I have been exposed to a great variety of learning experiences during clinical practice. Being a perpetual student, I try desperately to retain everything I can from each experience, hoping the knowledge will be beneficial for my patients. I have been reflecting on the many things I have learned. While I thought, one fact repeatedly popped into my mind, and I have come to realize it is one of the greatest lessons of all. By far the most impressive phenomenon I have encountered is the ability of the human mind to influence health.

Several times I have diagnosed two patients with the same condition. The patients also shared the same gender, age, body type, social and economic class, and had similar occupations and family situations. Identical care was given to both patients. One of the patients would recover as expected while the other progressed slowly or not at all. The reason for the recovery could usually be tracked back to the one thing the patients did not have in common; their frame of mind.

The patient who progressed well usually had a positive outlook, enjoyed life, viewed sickness as an inconvenience and had hope for a better tomorrow. The patient who progressed slowly or not at all usually had little hope, saw life as unfair, and tended to be depressed and unhappy.

I have had patients literally give up and begin inquiring about disability over a minor problem. All hope was gone, and the new diagnosis was the straw that broke the camel’s back. To the contrary, I have seen patients with devastating problems overcome their problem as though it were a minor condition.

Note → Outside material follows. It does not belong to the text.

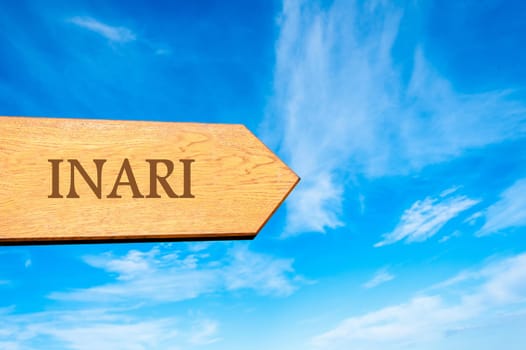 Wooden arrow sign pointing destination INARI, FINLAND against clear blue sky with copy space available. Travel destination conceptual image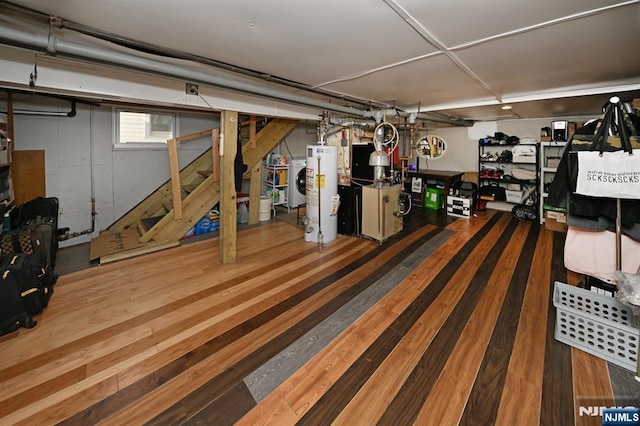 below grade area featuring gas water heater and wood finished floors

The best example of overcoming great odds was a patient who had back surgery for herniated discs, reconstructive surgery for his shoulder, gall bladder surgery, a heart attack, heart by-pass surgery, bilateral hip surgeries, and suffers from degenerative disc disease of the cervical spine. Multiple complications have occurred as a result of the surgeries, many of which were life-threatening. The patient continues to experience episodes of neck and shoulder pain and requires intensive chiropractic care to keep going. Despite the long list of troubles the patient works every day and is always cheerful. The patient has always expected to return to work and get on with his life after each incident. Disability is a foreign concept for the patient.

Abraham Lincoln is credited with saying, “Most folks are about as happy as they make up their mind to be.” I have come to believe that people are also as healthy as they make up their mind to be. My patient’s will and spirit are a great example to me and hopefully a lesson for us all.